• EXERCISE
Reproduce the listing below character for character; drop every image.

• EXTRACTED ENTRIES

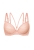 Biustonosz push-up Mefemi Nipplex Adria łososiowy – ujęcie 2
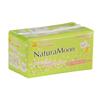 NaturaMoon Sanitary Napkins for Daytime Use On Busy Days 16 Pieces X 4 Pack Polymer Absorbent Disposable Cloth Napkins (with Wings), Set, Free,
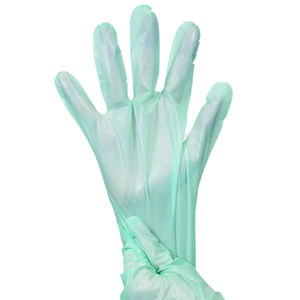 gants en polyéthylène
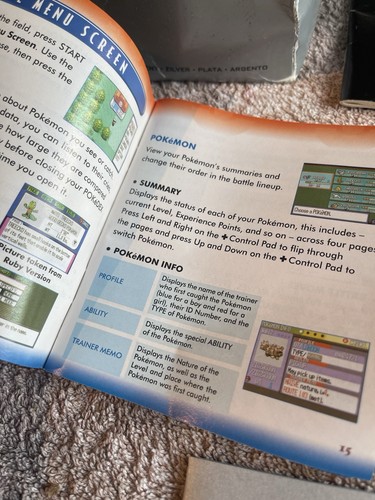 Pokemon trainer guide - pokemon,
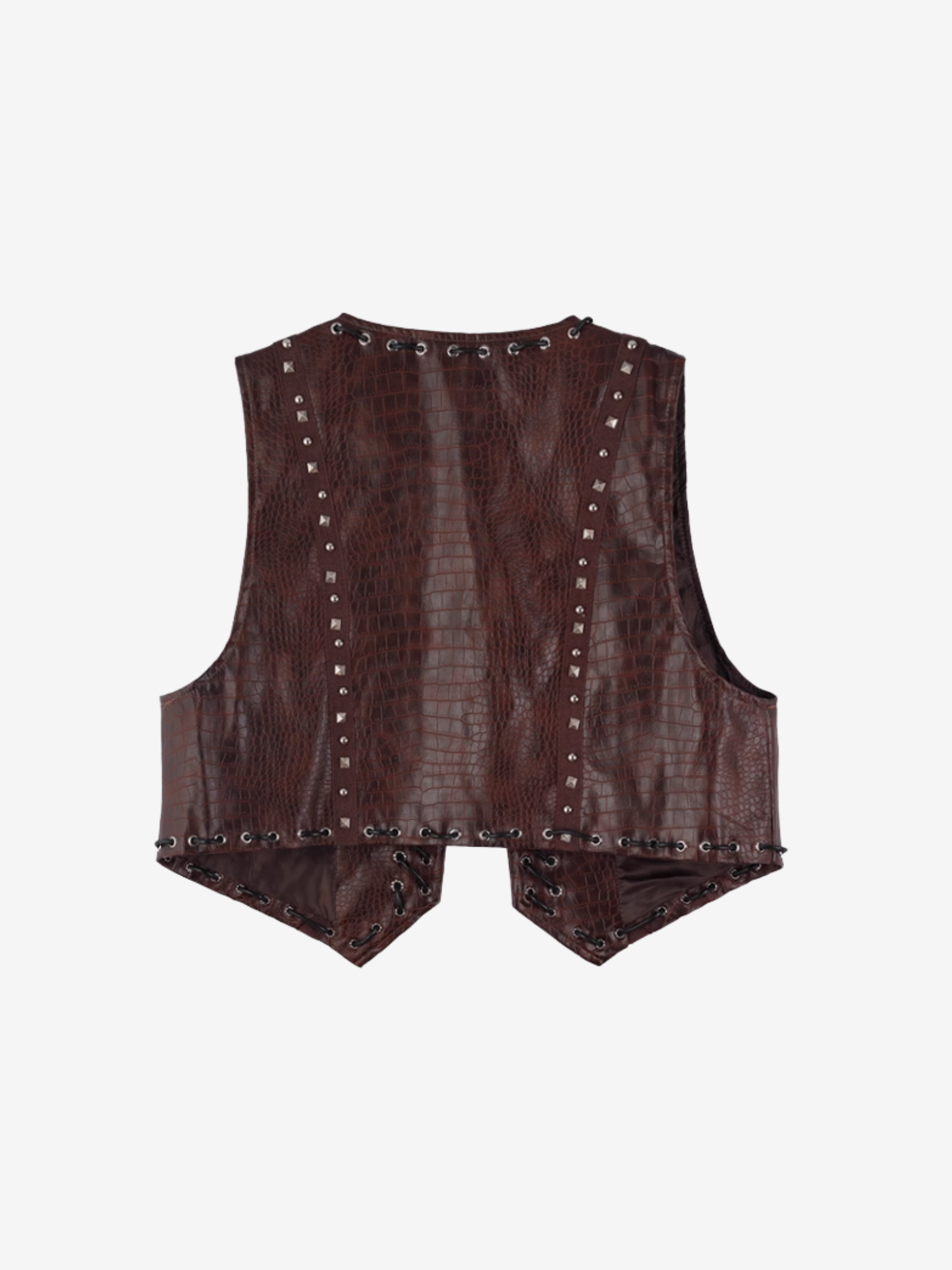 Retro Leather Vest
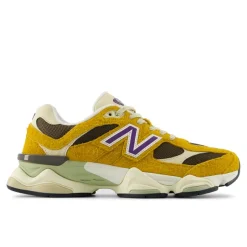 Weiße Sneakers im 9060-Stil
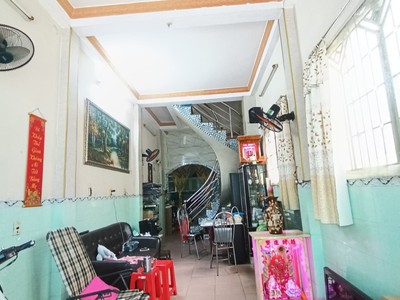 Chính chủ 1 đời bán nhà MT Thụt Hậu Giang Q.6 - 47m2 - 4PN 3wc - giá 6 tỉ 3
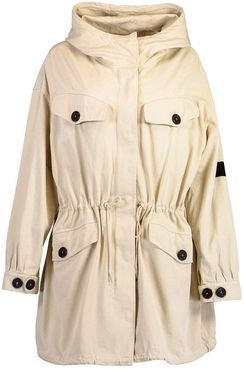 Washed Cotton Island Parka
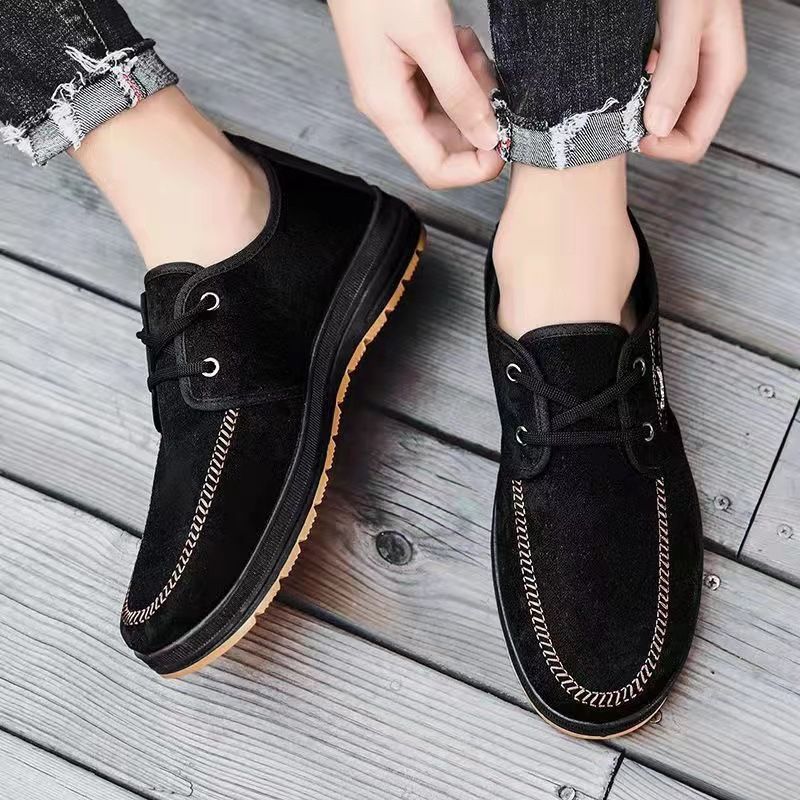 Casual Suede Men Shoes
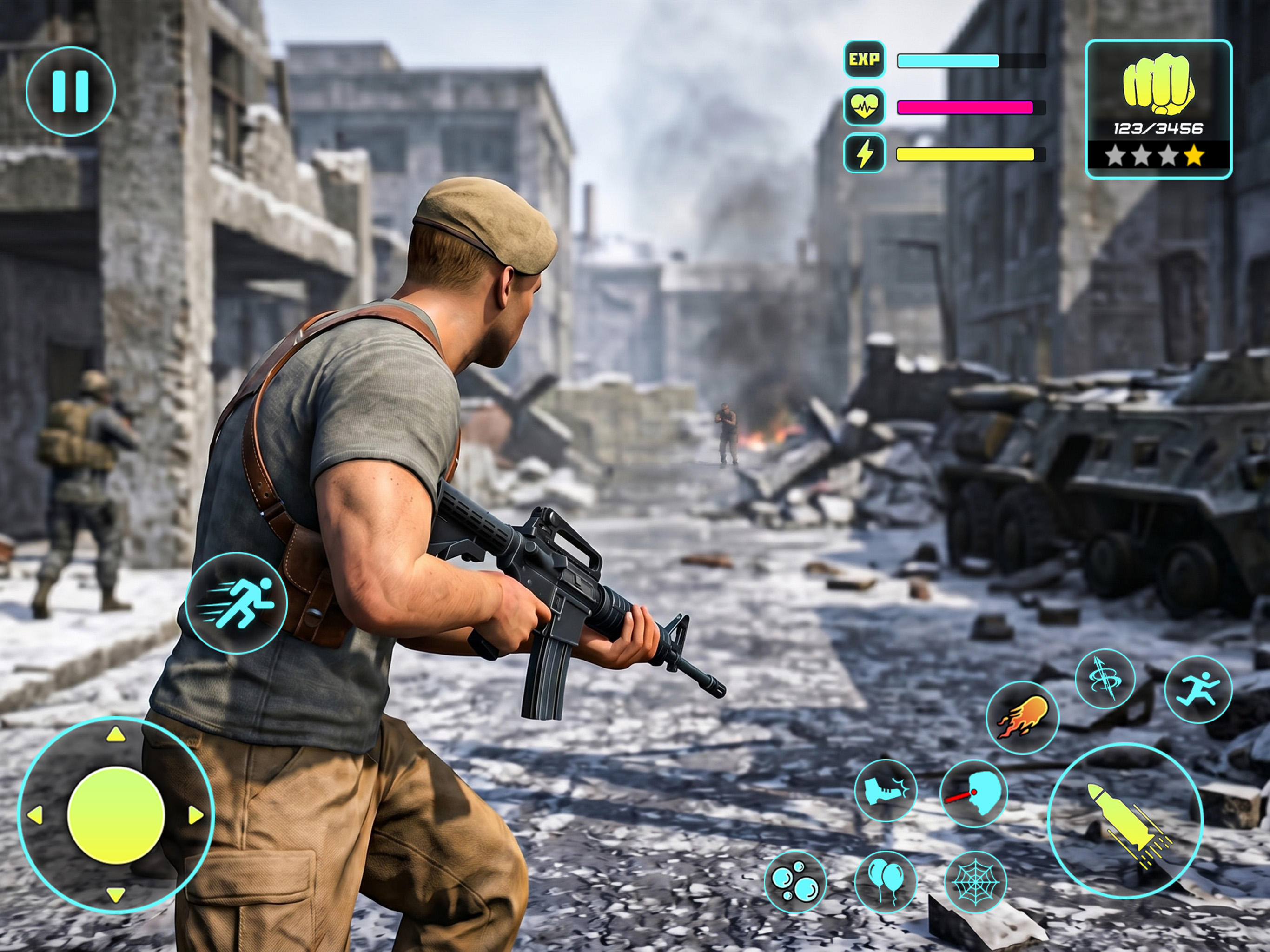 Tank Games 3D : Army War Games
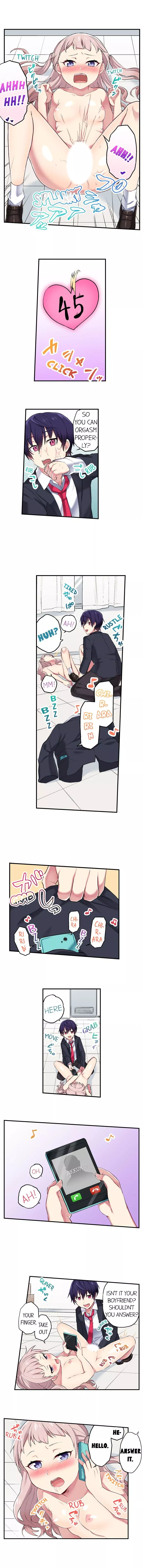 Committee Chairman, Didn't You Just Masturbate In the Bathroom? I Can See the Number of Times People Orgasm (Colored) Chapter 11 page 6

• YOUR RESPONSE
 Biustonosz push-up Mefemi Nipplex Adria łososiowy – ujęcie 2
 NaturaMoon Sanitary Napkins for Daytime Use On Busy Days 16 Pieces X 4 Pack Polymer Absorbent Disposable Cloth Napkins (with Wings), Set, Free,
 gants en polyéthylène
 Pokemon trainer guide - pokemon,
 Retro Leather Vest
 Weiße Sneakers im 9060-Stil
 Chính chủ 1 đời bán nhà MT Thụt Hậu Giang Q.6 - 47m2 - 4PN 3wc - giá 6 tỉ 3
 Washed Cotton Island Parka
 Casual Suede Men Shoes
 Tank Games 3D : Army War Games
 Committee Chairman, Didn't You Just Masturbate In the Bathroom? I Can See the Number of Times People Orgasm (Colored) Chapter 11 page 6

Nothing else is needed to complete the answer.